SOURCE DATA:
________
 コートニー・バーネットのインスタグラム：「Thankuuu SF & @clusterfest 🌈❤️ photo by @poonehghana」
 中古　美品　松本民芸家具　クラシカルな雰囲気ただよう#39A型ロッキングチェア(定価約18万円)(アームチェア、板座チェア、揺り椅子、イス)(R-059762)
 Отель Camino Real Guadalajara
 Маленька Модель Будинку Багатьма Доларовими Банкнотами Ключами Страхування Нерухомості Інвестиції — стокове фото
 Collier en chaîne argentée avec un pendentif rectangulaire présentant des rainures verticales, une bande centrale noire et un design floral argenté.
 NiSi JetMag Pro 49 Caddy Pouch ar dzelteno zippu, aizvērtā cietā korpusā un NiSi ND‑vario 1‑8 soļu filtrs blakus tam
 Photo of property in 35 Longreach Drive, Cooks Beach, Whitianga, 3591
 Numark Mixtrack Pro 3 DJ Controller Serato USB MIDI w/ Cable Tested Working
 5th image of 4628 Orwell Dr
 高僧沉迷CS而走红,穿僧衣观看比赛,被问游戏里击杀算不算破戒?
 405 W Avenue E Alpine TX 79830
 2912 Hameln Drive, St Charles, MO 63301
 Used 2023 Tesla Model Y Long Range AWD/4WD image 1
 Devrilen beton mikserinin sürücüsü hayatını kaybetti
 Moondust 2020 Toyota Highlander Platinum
________
PROBLEM DESCRIPTION:
In the records above, retype exactly the lines from the one with "5th image of 4628 Orwell Dr" through the last one.

ANSWER BELOW:
 5th image of 4628 Orwell Dr
 高僧沉迷CS而走红,穿僧衣观看比赛,被问游戏里击杀算不算破戒?
 405 W Avenue E Alpine TX 79830
 2912 Hameln Drive, St Charles, MO 63301
 Used 2023 Tesla Model Y Long Range AWD/4WD image 1
 Devrilen beton mikserinin sürücüsü hayatını kaybetti
 Moondust 2020 Toyota Highlander Platinum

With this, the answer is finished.